Ahítos y un tanto achispados, subieron a la habitación, pidieron una cafetera y volvieron al trabajo.

—El punto importante de toda la campaña parece haber sido el saqueo de Atenas —señaló Remi—. Era la base del poder griego.

—Tracia y Macedonia no fueron más que ejercicios de calentamiento —admitió Sam—. Se reservó la mayor parte de su furia para Atenas. Por lo tanto, hagamos otro supuesto: Jerjes dominó a los babilonios al robar y destruir el ídolo de Bel-Marduk. ¿No estaría dispuesto a hacer lo mismo con los griegos?
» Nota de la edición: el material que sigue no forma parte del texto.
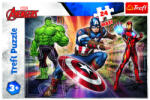 Trefl Puzzle Puzzle În lumea Avengers MAXI 24 piese Puzzle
Remi ya estaba leyendo el informe de Selma.

—Creo que decía algo... Sí, aquí está: Delfos.

—¿Cómo? ¿El Oráculo de Delfos?

—El mismo. Jerjes lo tenía en el punto de mira.

Ubicado a ciento sesenta kilómetros al noroeste de Atenas, en las laderas del monte Parnaso, el santuario de Delfos, dedicado al dios Apolo, era un complejo de templos que incluían la cueva Coricio, la fuente de Castalia, el altar de los Quíos, la Stoa de los atenienses y el templo de Apolo, donde vivía el Oráculo, además de numerosos tesoros, un estadio y un teatro.